▸ Goal of the exercise
Only a number is expected in reply: the count of lines below where the word "blue" occurs.

▸ Source material
^^^^^^^^

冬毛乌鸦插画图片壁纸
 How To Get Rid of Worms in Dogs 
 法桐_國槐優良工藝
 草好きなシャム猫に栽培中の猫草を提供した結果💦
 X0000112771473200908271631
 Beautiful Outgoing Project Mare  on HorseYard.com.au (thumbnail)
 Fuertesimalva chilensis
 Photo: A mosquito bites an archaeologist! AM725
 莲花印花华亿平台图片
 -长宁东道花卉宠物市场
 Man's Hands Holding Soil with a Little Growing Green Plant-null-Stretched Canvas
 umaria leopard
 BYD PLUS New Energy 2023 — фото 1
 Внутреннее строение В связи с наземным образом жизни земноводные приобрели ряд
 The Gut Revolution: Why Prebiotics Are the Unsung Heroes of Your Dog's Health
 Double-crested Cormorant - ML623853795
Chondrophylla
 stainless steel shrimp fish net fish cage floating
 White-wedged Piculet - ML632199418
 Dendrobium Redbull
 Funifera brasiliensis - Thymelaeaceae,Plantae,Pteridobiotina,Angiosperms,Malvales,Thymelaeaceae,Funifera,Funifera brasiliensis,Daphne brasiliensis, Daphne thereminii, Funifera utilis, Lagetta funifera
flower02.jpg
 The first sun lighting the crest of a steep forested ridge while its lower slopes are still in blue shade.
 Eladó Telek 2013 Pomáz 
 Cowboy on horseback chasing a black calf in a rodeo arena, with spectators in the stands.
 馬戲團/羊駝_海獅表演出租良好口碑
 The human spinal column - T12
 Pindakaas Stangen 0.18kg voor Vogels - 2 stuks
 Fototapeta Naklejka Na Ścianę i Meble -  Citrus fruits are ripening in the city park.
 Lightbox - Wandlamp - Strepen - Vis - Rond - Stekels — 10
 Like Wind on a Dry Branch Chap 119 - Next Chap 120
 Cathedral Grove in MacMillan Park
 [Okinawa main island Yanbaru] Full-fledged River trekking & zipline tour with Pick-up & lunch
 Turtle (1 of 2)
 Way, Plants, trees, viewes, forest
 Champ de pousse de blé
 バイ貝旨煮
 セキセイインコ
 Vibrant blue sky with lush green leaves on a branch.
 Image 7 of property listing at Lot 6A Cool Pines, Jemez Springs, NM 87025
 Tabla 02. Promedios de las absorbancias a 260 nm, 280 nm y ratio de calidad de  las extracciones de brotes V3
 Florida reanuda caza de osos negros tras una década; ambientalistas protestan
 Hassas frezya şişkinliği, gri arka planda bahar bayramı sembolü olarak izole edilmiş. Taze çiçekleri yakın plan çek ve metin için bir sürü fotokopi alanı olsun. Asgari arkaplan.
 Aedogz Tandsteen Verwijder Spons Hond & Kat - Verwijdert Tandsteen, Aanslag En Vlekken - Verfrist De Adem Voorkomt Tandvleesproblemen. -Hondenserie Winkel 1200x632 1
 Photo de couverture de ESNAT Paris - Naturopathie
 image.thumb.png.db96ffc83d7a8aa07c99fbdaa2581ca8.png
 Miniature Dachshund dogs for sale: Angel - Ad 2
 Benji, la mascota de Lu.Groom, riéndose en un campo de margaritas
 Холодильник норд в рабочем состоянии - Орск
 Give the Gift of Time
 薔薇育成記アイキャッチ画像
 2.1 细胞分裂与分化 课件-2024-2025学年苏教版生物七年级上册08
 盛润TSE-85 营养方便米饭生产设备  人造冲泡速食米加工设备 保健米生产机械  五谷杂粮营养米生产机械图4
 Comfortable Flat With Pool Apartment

^^^^^^^^

▸ Answer to the exercise
2